Aim of the task –
Word-for-word repetition of the records below is needed, but only from the line holding "HERPES TYPES DIFFERENT" through the final line, with pictures excluded.

____ Materials provided

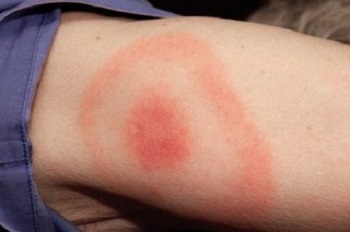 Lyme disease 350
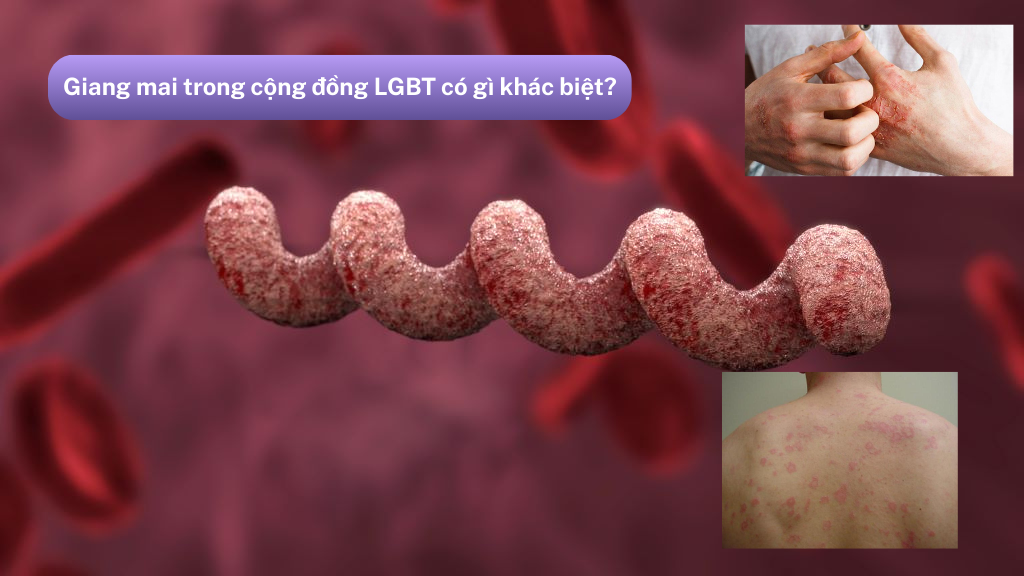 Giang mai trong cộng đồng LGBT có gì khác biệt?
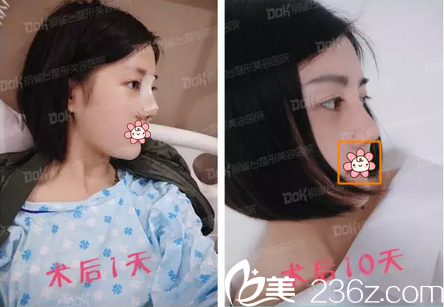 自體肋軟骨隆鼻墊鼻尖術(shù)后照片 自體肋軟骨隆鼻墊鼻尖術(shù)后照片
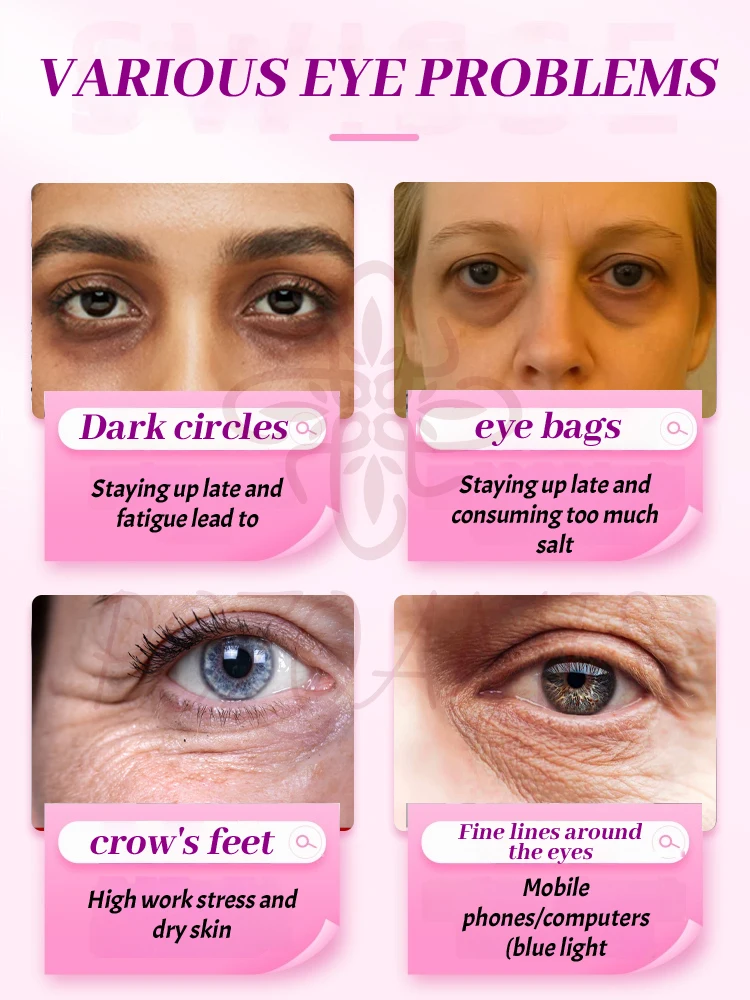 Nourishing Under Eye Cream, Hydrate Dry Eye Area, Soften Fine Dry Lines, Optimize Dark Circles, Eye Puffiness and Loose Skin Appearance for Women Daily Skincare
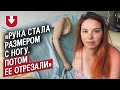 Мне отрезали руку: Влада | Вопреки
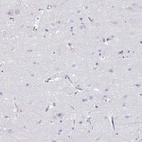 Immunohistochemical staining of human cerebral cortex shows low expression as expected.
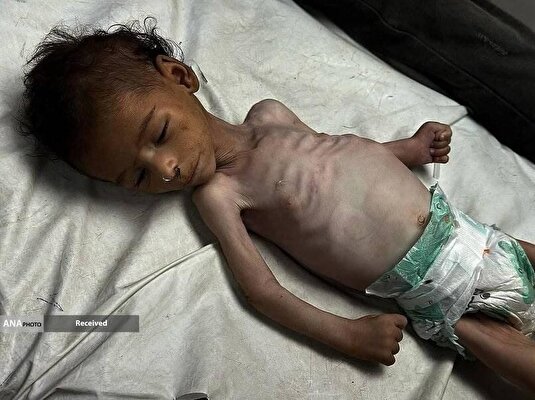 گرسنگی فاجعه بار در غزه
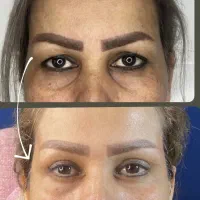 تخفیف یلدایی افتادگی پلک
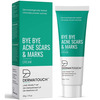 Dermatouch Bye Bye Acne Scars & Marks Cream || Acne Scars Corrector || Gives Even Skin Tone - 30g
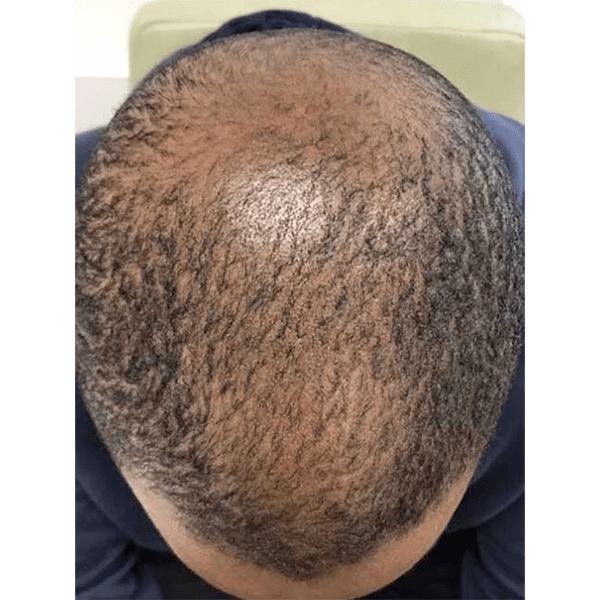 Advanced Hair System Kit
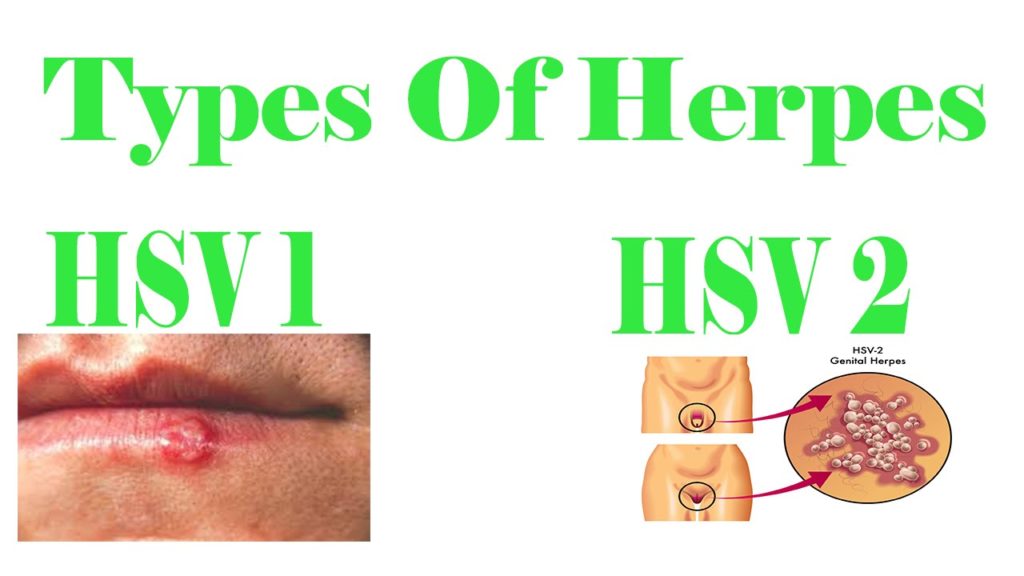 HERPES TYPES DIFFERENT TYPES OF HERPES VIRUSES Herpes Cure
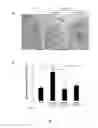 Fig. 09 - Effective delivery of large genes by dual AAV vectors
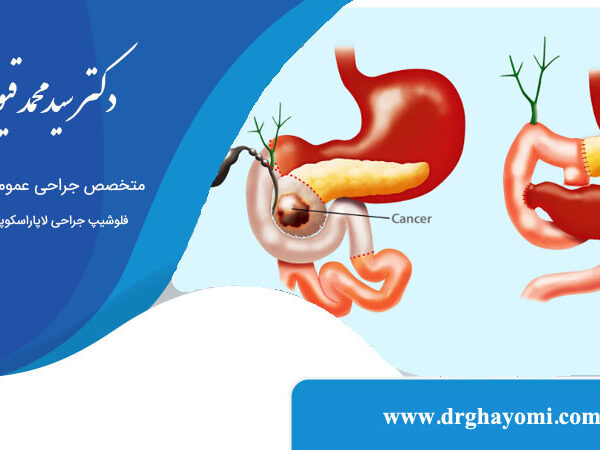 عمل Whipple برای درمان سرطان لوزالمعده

________

Completed task –
 HERPES TYPES DIFFERENT TYPES OF HERPES VIRUSES Herpes Cure
 Fig. 09 - Effective delivery of large genes by dual AAV vectors
 عمل Whipple برای درمان سرطان لوزالمعده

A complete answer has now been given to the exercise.